IN THE FEDERAL COURT OF AUSTRALIA

NEW SOUTH WALES DISTRICT REGISTRY

NG 833 of 1997

BETWEEN:

TRUTH ABOUT MOTORWAYS PTY LIMITED
APPLICANT

AND:

MACQUARIE INFRASTRUCTURE INVESTMENTS MANAGEMENT LIMITED
RESPONDENT

JUDGE:

FOSTER J

DATE OF ORDER:

13 FEBRUARY 1998

WHERE MADE:

SYDNEY

THE COURT ORDERS THAT:

  1. The motion to strike out the statement of claim be dismissed.

  1. The motion to set aside the notices to produce be dismissed.

  1. Costs of this notice of motion are to be the applicant’s costs in the cause.

Note:Settlement and entry of orders is dealt with in Order 36 of the Federal Court Rules.

IN THE FEDERAL COURT OF AUSTRALIA

NEW SOUTH WALES DISTRICT REGISTRY

 NG 833 of 1997

BETWEEN:

TRUTH ABOUT MOTORWAYS PTY LIMITED
APPLICANT

AND:

MACQUARIE INFRASTRUCTURE INVESTMENTS MANAGEMENT LIMITED
RESPONDENT

JUDGE:

FOSTER J

DATE:

13 FEBRUARY 1998

PLACE:

SYDNEY

REASONS FOR JUDGMENT
(Extempore)

Applications to strike out statements of claim are always confronted by a very considerable hurdle, in that it is necessary to satisfy a Court at the very outset of litigation between the parties that the claim brought by an applicant, in effect, has no reasonable hope of success.
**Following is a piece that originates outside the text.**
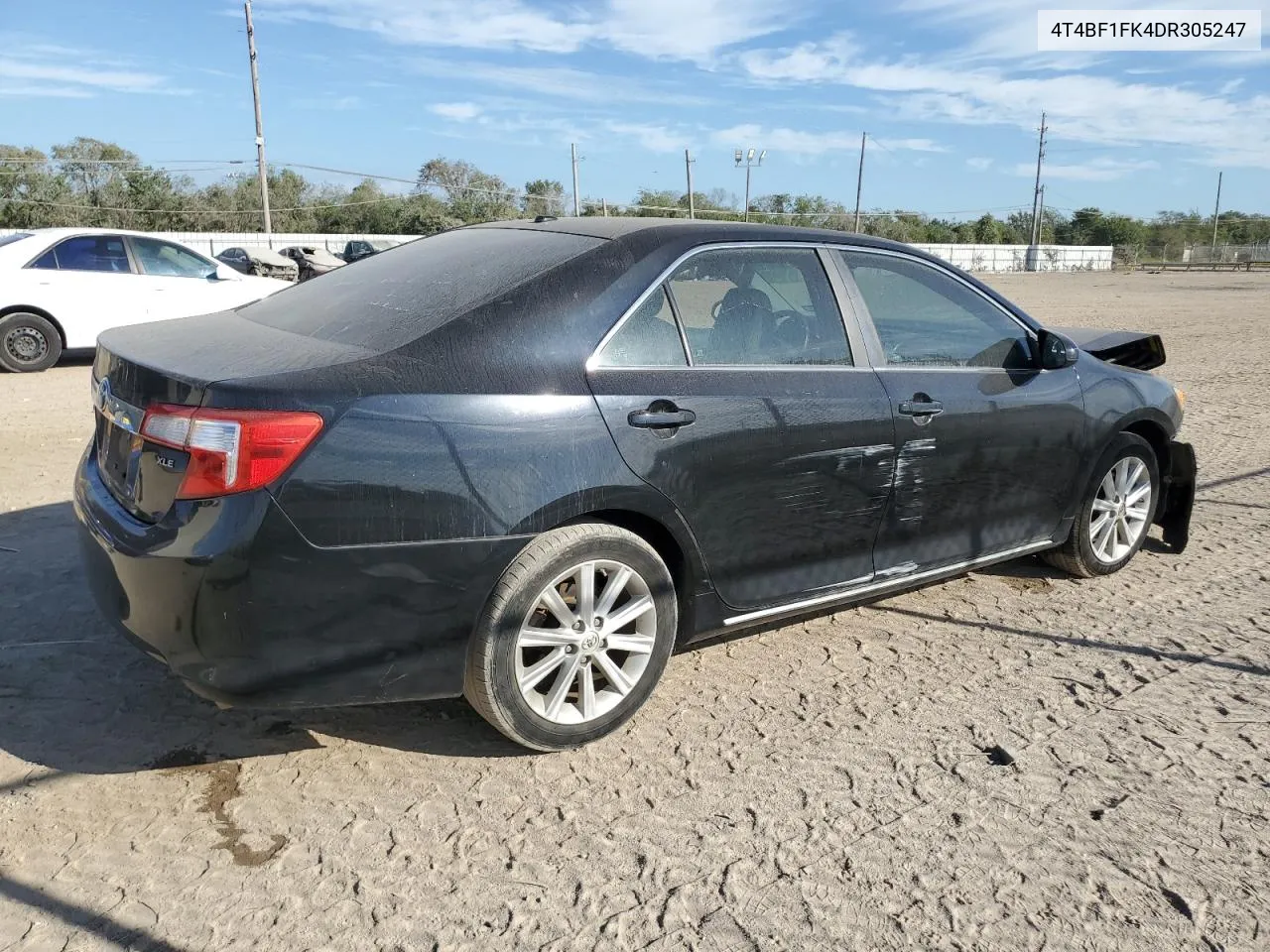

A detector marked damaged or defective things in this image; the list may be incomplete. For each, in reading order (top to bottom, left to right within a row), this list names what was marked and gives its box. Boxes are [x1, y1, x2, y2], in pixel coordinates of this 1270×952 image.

The fact that I do not call upon counsel for the applicant implies no criticism whatever as to the careful and lucid argument that has been presented on behalf of the respondent in relation to the application made by it to strike out the applicant’s statement of claim.

In the course of the presentation by the parties of their respective cases and the ensuing discussion between bench and bar, as well as in the course of Mr Sackar’s very helpful address, it has become quite plain that the applicant’s case which is sought to be made here is based upon one statement made in a document produced by the respondent in 1996.  The document is a prospectus relating to the subscription by the public to the financial units referred to in the prospectus.  I need go into no greater detail.  The statement of claim refers to the parts of the prospectus called into question and particularises statements therein concerning future traffic volume on the Eastern Distributor, namely:-

“Traffic volume on the Eastern Distributor is anticipated to build up rapidly, as a consequence of the existing traffic volumes and the current congestion in the corridor, to an average daily volume of nearly 60,000 vehicles by 2006. Thereafter traffic volume on the Eastern Distributor is forecast to increase more slowly.”
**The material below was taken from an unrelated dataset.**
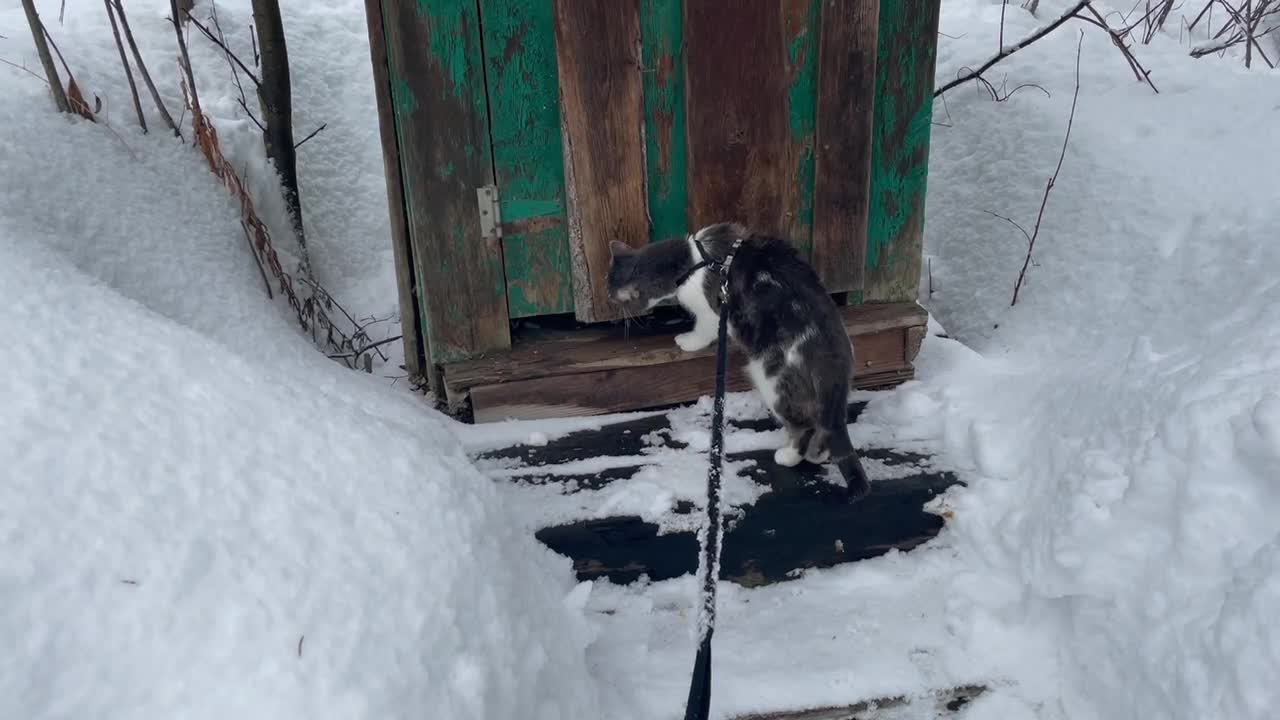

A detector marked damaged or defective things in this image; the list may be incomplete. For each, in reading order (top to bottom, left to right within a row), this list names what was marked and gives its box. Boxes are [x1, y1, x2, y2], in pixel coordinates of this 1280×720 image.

rusty hinge [478, 184, 502, 240]
peeling green paint [482, 0, 572, 316]
peeling green paint [640, 0, 688, 243]
peeling green paint [860, 0, 940, 300]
It is alleged that this statement was false and misleading. Sections 52 and 51A of the Trade Practices Act 1974 (Cth) are relied upon.

What is put to me, in effect, is that the establishment of that case, together with the relief sought in respect of it, is a quite hopeless undertaking.  At this early stage the allegations in the statement of claim have been supported by affidavit evidence that has been placed before me drawing attention to what is said to be inferences that should reasonably be drawn from the documents referred to therein.  Those inferences, it is said, lead or point to a conclusion that the statement must have been incorrect at the time it was made. 
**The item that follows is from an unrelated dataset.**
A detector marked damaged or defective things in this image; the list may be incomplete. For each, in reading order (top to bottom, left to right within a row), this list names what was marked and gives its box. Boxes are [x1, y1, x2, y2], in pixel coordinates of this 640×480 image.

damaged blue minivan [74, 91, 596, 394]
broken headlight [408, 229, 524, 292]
At this point of time the Court has no evidence adduced by the respondent in opposition to the drawing of that inference.  Indeed, there is no pleading from the respondent at this stage as the respondent’s approach so far has been simply to seek to strike out the statement of claim.  Although the applicant manifestly has no commercial interest in the obtaining of relief in these proceedings, it cannot be said that it has no standing to bring them.  Indeed, the contrary has not been argued on behalf of the respondent.  It is true that no claim for damages is made by the applicant and now, during the course of these proceedings, a claim for injunctive relief, which if granted would have the effect of preventing the respondent from making a highly significant payment that it is contractually bound to make, is no longer sought.  What is sought by the applicant is an order of the Court that something in the form of corrective advertising be undertaken by the respondent, so that it may make a public correction of what is said to be a misleading statement in the prospectus. 

I should make it quite clear that it is not alleged in the statement of claim that there was anything deliberately misleading. However, that element is not a requirement for the establishment of a case under s 52 of the Trade Practices Act.  In the absence of any case which could be said to seek directly to refute the allegations made in the statement of claim, the respondent has put to me that as a practical and commonsense matter, looking down the track as it were, it would not be conceivable that a court would make the order for corrective advertising which is sought by the applicant.  It is conceded by the respondent that if I came to the view that I could not accept that submission, an associated submission that declaratory relief could not be granted would not be sustainable. 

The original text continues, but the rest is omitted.